§ What you should do:
From the very first line of the data to the line containing "Ear Piercing Gun Kit", retype everything exactly, leaving the pictures behind.

§ Provided data:
+ + + + + + +
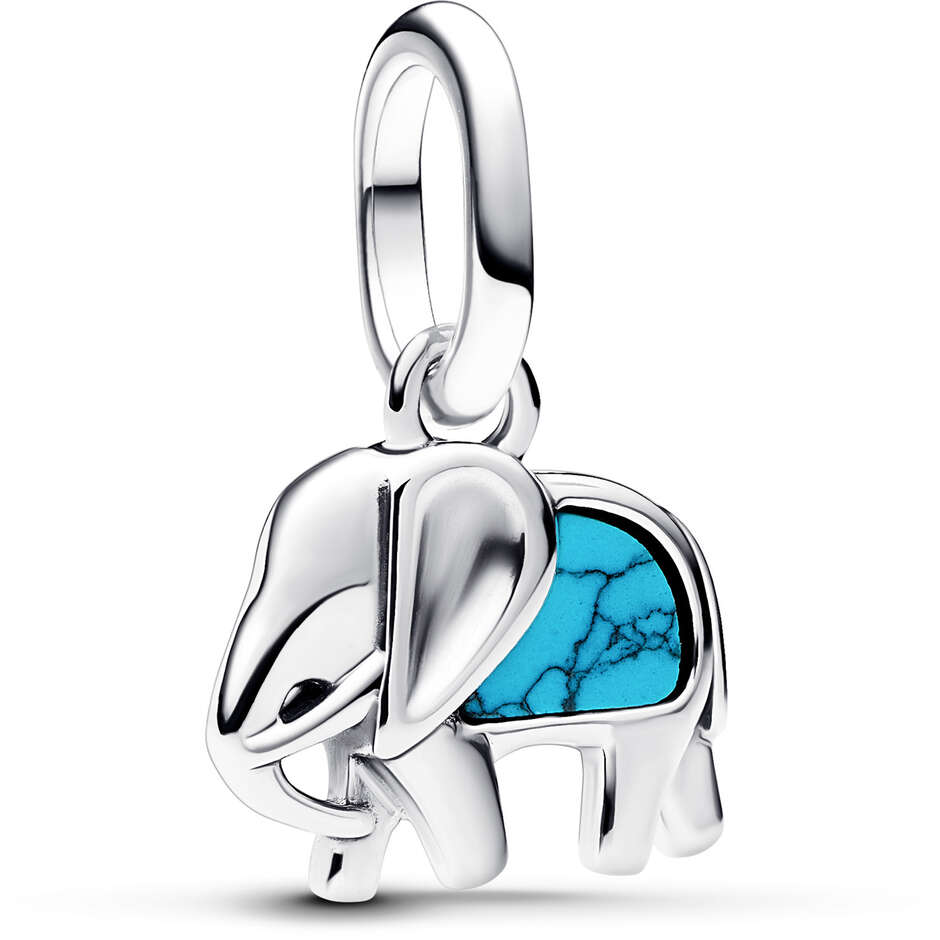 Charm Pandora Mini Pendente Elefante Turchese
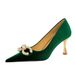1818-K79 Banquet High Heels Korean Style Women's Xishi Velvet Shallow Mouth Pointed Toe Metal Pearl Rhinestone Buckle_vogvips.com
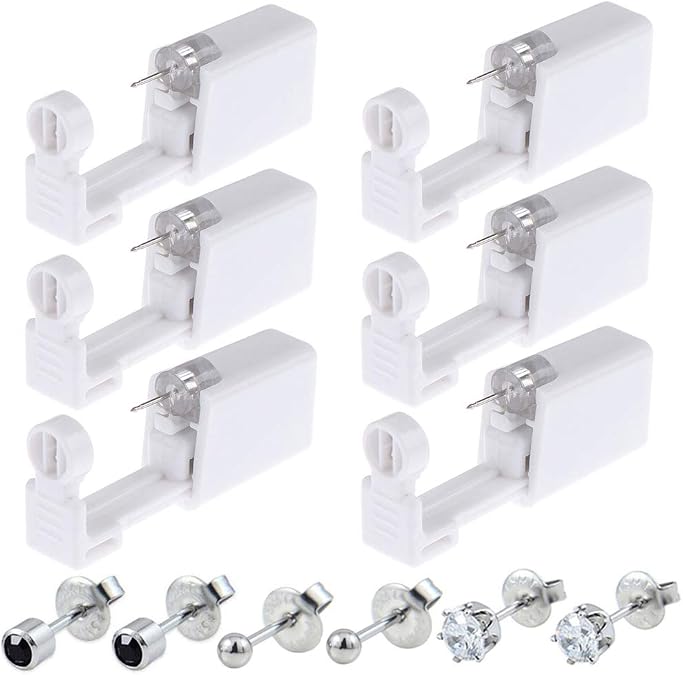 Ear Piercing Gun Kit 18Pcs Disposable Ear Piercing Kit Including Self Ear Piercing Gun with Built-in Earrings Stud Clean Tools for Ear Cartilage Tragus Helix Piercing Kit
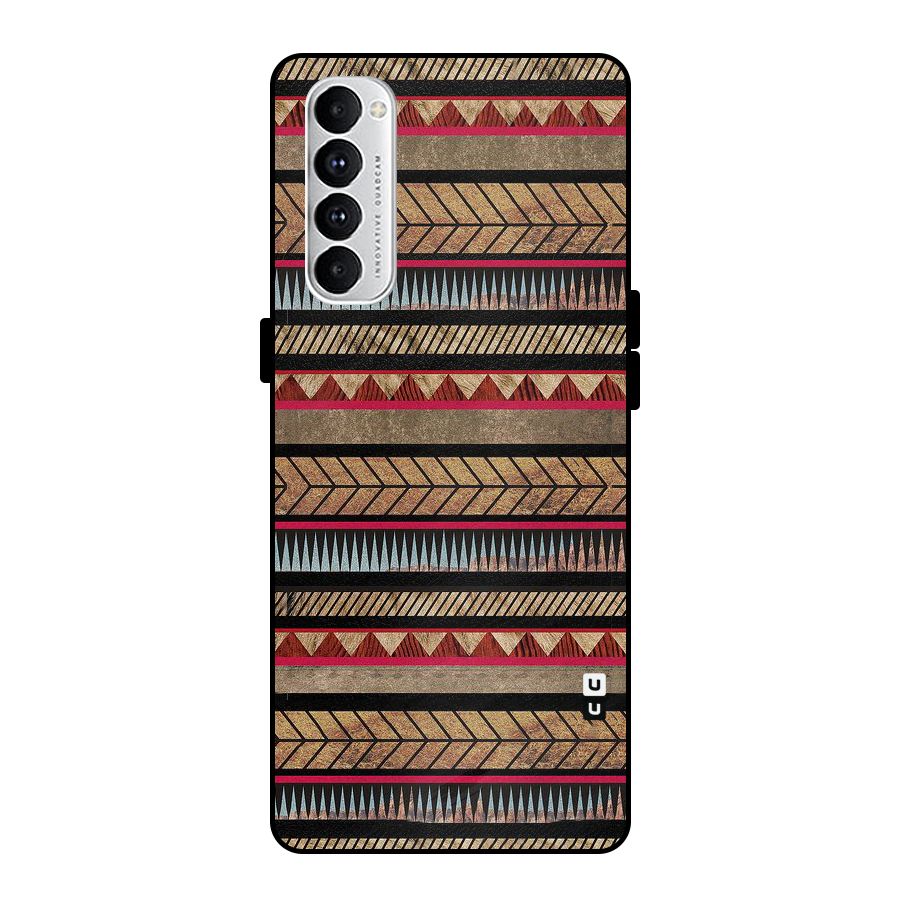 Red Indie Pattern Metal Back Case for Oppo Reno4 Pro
+ + + + + + +
§ Response:
 Charm Pandora Mini Pendente Elefante Turchese
1818-K79 Banquet High Heels Korean Style Women's Xishi Velvet Shallow Mouth Pointed Toe Metal Pearl Rhinestone Buckle_vogvips.com
 Ear Piercing Gun Kit 18Pcs Disposable Ear Piercing Kit Including Self Ear Piercing Gun with Built-in Earrings Stud Clean Tools for Ear Cartilage Tragus Helix Piercing Kit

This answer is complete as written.